DreamWorks
Иван Янковский: «Я там, где хочу быть»
Легко ли быть Янковским? Даже не спрашивайте его об этом. Вместо ответа Иван выворачивает всего себя в работе, выкладывается полностью. И выжигает все кругом.
Он играет в «Даме пик» так, как будто ходит босиком по битому стеклу. Ходит и не замечает. Но мы-то видим, что он весь в ссадинах и порезах. Есть в нем это отчаянное остервенение, которое так идет Германну и так не вяжется с ним самим, по крайней мере, с тем, что я о нем знаю. Благополучный столичный мальчик, сын известных родителей, внук легендарного Олега Ивановича Янковского, продолжатель актерской династии… Когда Иван слышит эти слова, становится заметно, как у него подрагивают скулы, а рот сжимается в узкую сердитую щель. Он ненавидит такие разговоры. И терпит их только из уважения к памяти дедушки и хорошего воспитания. Он резкий, взрывной, колючий. У него мгновенные реакции. Надо упасть навзничь – рухнет как подстреленный, надо зарыдать – слезы градом, раздеться догола в кадре – ни секунды зажима. И у себя в театре он играет Максудова в «Театральном романе» так, как будто его никогда больше не выпустят на сцену. Это уже даже не актерский кураж, которым так любят хвастаться заслуженные корифеи, это какое-то последнее актерское отчаянье нового поколения. Так бывает, когда человека долго-долго держали взаперти в темной комнате или в сломанном лифте. И вот он наконец вырвался и не может надышаться, накричаться, нарадоваться своей свободе. И плевать он хотел, как при этом выглядит, что про него подумают и как на него посмотрят. Он дышит, он живет, он жив! Вот так сегодня играет Иван Янковский. Заразительно и страстно. Он еще не умеет дозировать эмоции, выверять выигрышные ракурсы и выражения лица. Невысокого роста, хрупкий, он каждый раз рвется заполнить собой весь кадр и сцену, напоминая в такие моменты Давида, бросающего вызов Голиафу и всему миру. Для него это самая привычная ситуация и самая любимая мизансцена. Недаром он так любит бокс.

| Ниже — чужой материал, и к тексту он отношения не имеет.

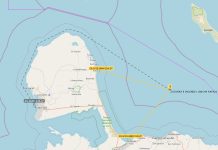 Reportan incendio de lancha y desaparición de sus tripulantes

С кем он там бьется? С какими демонами сражается? За что? Почему? Непонятно. Легкий, как перо петуха. Кожа да кости. Да еще непокорные вихры, не поддающиеся никакому лаку. Жаль будет, если вся эта энергия растратится, распылится на второсортное кино и рекламные фотосъемки. Сколько раз приходилось наблюдать у его старших коллег, как уходит блеск, блекнет красота, убывает талант, еще недавно обещавший так много. Но почему-то мне кажется, что с Иваном Янковским это не должно произойти. Он из стойкой породы «плохих парней», которых не так-то легко приручить, встроить в мейнстримовский поток, подчинить законам глянца и массмаркета. К тому же порода. Он очень фотогеничен. Это наследственный дар. Есть лица, в которые влюбляется камера сразу и навсегда. Морщины не морщины, возраст не возраст. Не имеет значения! Такое лицо было у его деда. «Не слишком ли он для нас красив?» – засомневается Тонино Гуэрра после первых кинопроб Олега Янковского для «Ностальгии». Этот же вопрос невольно задавал я себе, когда смотрел, как на экране компьютера в ритме слайдшоу появлялись и застывали крупные планы Ивана, снятые его тезкой фотографом Иваном Кайдашем.
У нас не любят красивых. Красота, особенно для мужчины, – это всегда компромат. Некая маржа, которую не прощают, прозревая за ней сделку с самим дьяволом или какой другой темной силой. Красота предполагает отсутствие мозгов или явную нехватку других достоинств. А тут еще такая фамилия! Вот почему Янковские так не любят фотографироваться вместе. Вот почему Филипп Янковский, отец Ивана, наотрез отказался мне однажды выдать семейные фото, когда «Сноб» готовил проект «Всё о моем отце». В искусстве каждый должен быть сам по себе и отвечать сам за себя – неписаный закон клана, четкое правило, которому следуют и старшие, и младшие Янковские. И не потому, что не любят друг друга или не дорожат своей семейственностью. Просто не считают, что ее надо непременно выставлять напоказ, делая из фамильных отношений и привязанностей некий бренд на продажу.